*Work task*:
Check each line of the entries for "Chevrolet" and report the ones that have it.

*Supplied information*:

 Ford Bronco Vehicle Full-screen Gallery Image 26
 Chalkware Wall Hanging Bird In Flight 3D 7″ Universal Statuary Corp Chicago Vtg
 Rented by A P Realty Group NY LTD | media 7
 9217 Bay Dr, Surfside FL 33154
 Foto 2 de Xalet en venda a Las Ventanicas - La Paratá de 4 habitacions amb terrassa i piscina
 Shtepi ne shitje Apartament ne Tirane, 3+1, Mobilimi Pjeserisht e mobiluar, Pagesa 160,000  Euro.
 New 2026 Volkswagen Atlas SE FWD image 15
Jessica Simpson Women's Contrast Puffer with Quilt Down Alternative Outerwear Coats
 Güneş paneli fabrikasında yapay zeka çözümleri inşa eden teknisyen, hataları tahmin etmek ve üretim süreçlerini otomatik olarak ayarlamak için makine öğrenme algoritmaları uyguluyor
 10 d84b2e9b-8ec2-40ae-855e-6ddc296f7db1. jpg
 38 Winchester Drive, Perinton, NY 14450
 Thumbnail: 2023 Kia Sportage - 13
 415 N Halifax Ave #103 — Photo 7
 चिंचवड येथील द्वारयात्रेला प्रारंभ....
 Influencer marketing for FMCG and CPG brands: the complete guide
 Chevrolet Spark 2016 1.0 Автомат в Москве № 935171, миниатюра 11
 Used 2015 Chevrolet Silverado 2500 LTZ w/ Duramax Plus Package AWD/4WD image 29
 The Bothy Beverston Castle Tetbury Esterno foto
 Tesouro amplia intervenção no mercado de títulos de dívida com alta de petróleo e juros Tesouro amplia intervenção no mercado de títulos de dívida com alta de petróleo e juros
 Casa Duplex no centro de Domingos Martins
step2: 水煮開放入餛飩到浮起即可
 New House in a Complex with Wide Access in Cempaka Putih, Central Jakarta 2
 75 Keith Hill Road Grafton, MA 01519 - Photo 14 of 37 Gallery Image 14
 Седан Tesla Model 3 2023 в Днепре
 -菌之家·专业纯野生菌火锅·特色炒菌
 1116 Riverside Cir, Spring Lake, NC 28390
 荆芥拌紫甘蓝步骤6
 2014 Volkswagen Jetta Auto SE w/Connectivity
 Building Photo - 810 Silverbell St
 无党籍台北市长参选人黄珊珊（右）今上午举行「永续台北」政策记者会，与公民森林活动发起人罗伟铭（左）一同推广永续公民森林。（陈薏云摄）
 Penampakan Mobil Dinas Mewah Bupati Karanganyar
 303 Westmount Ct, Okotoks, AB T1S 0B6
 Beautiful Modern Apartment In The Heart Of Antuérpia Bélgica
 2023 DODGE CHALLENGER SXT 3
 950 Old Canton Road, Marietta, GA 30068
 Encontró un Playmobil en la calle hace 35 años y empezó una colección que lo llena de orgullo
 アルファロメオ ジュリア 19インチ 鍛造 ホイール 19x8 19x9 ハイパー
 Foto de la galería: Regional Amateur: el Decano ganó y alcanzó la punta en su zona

*Your solution*:
 Chevrolet Spark 2016 1.0 Автомат в Москве № 935171, миниатюра 11
 Used 2015 Chevrolet Silverado 2500 LTZ w/ Duramax Plus Package AWD/4WD image 29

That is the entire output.